# What you will do
A word-for-word retyping of the listing below is required, with the pictures dropped.

# Data section
____
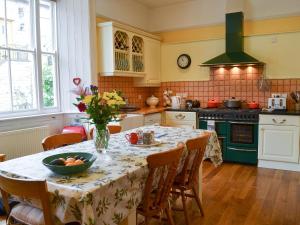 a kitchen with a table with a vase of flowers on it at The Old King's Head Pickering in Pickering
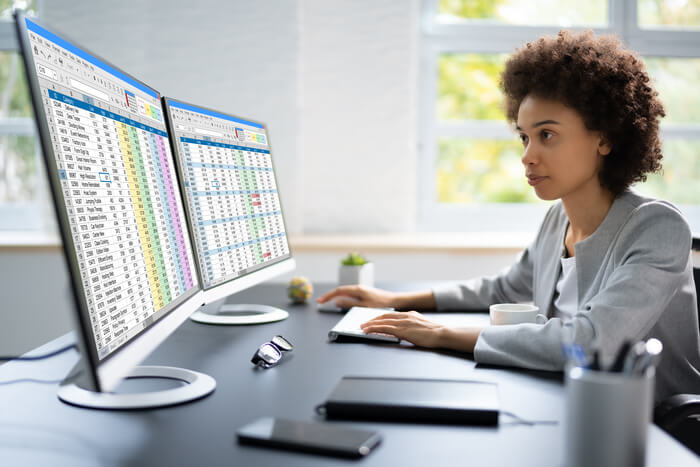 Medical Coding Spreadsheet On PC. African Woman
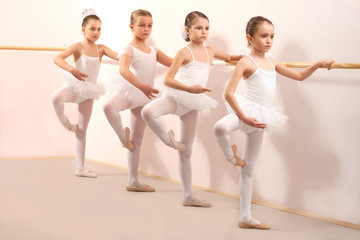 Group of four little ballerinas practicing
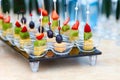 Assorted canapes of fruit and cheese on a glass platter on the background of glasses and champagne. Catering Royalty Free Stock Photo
____
# Output below
 a kitchen with a table with a vase of flowers on it at The Old King's Head Pickering in Pickering
 Medical Coding Spreadsheet On PC. African Woman
 Group of four little ballerinas practicing
 Assorted canapes of fruit and cheese on a glass platter on the background of glasses and champagne. Catering Royalty Free Stock Photo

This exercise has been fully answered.